# ACTIVITY
Write out word for word each line from the one containing "Homescapes Pink Cotton" through the close of the listing, including both ends. Pictures do not belong in the copy.

# DATA TO EXAMINE
○ ○ ○ ○ ○ ○ ○

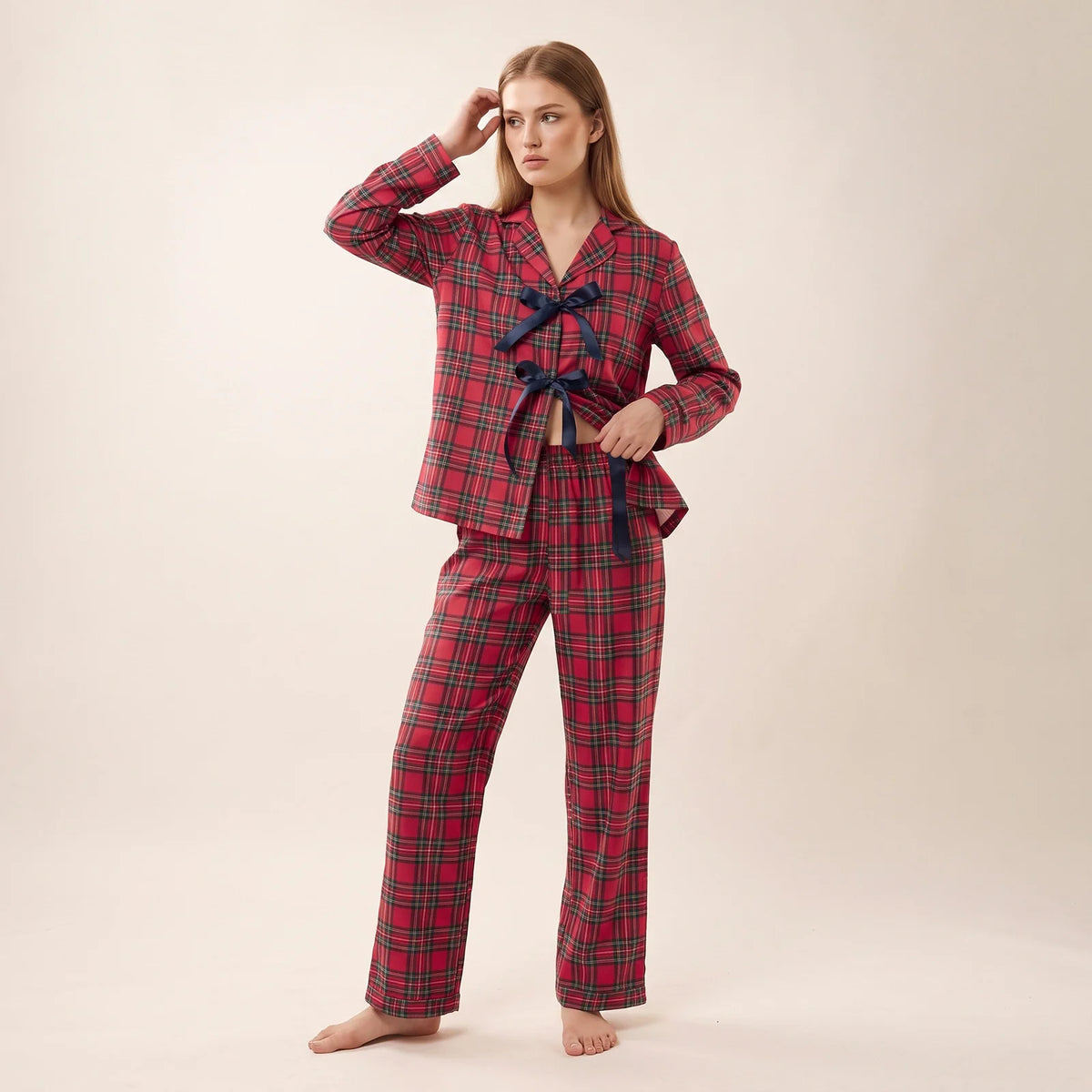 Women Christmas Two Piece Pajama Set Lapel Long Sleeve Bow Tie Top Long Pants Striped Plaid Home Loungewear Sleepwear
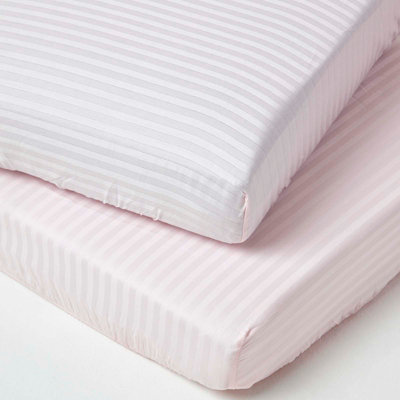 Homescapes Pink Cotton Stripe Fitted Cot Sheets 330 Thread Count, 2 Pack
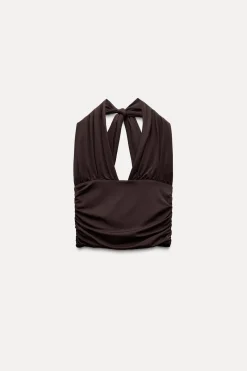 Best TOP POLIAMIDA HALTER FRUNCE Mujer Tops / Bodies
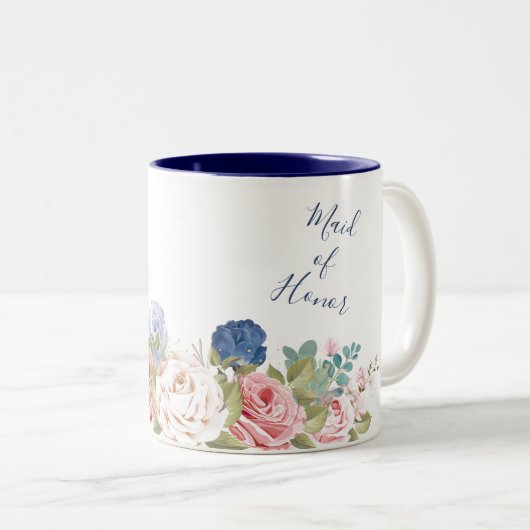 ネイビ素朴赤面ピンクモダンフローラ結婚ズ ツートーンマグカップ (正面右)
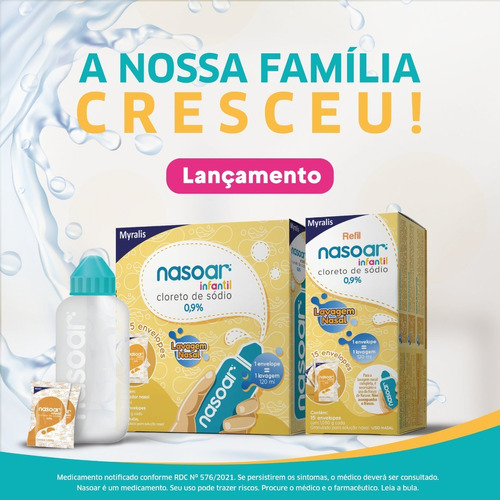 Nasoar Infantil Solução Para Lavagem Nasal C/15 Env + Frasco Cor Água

○ ○ ○ ○ ○ ○ ○

# ANSWER AREA
 Homescapes Pink Cotton Stripe Fitted Cot Sheets 330 Thread Count, 2 Pack
 Best TOP POLIAMIDA HALTER FRUNCE Mujer Tops / Bodies
 ネイビ素朴赤面ピンクモダンフローラ結婚ズ ツートーンマグカップ (正面右)
 Nasoar Infantil Solução Para Lavagem Nasal C/15 Env + Frasco Cor Água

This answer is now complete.